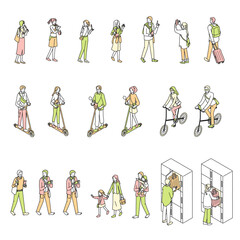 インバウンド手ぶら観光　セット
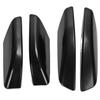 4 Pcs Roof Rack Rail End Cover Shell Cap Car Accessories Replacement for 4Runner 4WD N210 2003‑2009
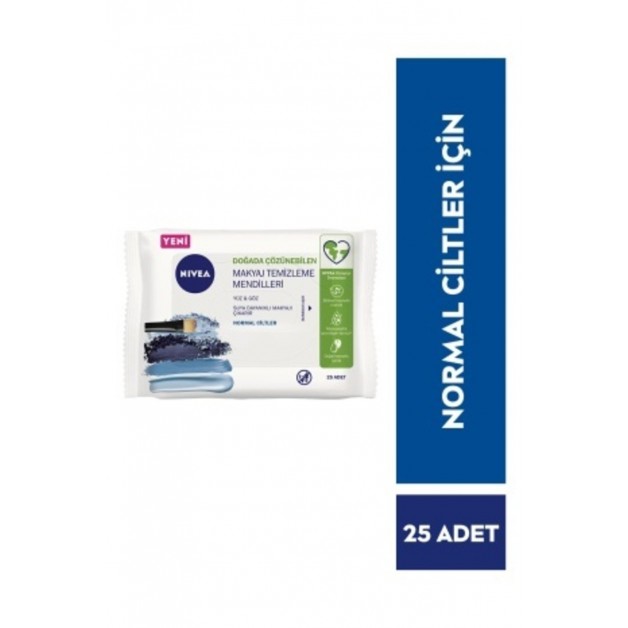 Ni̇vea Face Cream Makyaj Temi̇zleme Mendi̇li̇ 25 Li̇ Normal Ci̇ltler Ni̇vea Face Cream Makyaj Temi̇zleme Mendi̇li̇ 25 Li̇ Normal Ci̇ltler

━━━━━━━━━━━━━━━━

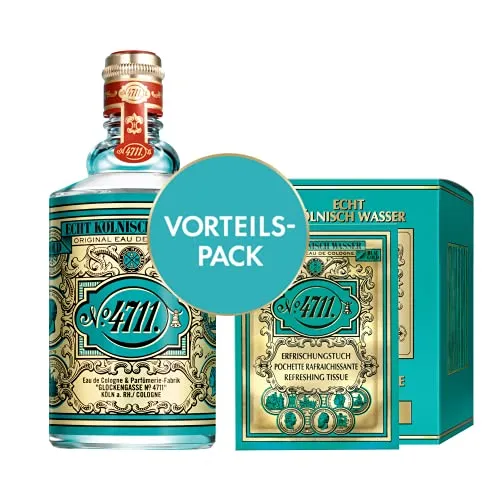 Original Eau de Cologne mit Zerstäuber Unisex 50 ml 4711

━━━━━━━━━━━━━━━━

Give exactly the lines above that run from the line with "4 Pcs Roof Rack" to the line with "Normal Ci̇ltler Ni̇vea", both included, leaving every picture out.

** Reply **
 4 Pcs Roof Rack Rail End Cover Shell Cap Car Accessories Replacement for 4Runner 4WD N210 2003‑2009
 Ni̇vea Face Cream Makyaj Temi̇zleme Mendi̇li̇ 25 Li̇ Normal Ci̇ltler Ni̇vea Face Cream Makyaj Temi̇zleme Mendi̇li̇ 25 Li̇ Normal Ci̇ltler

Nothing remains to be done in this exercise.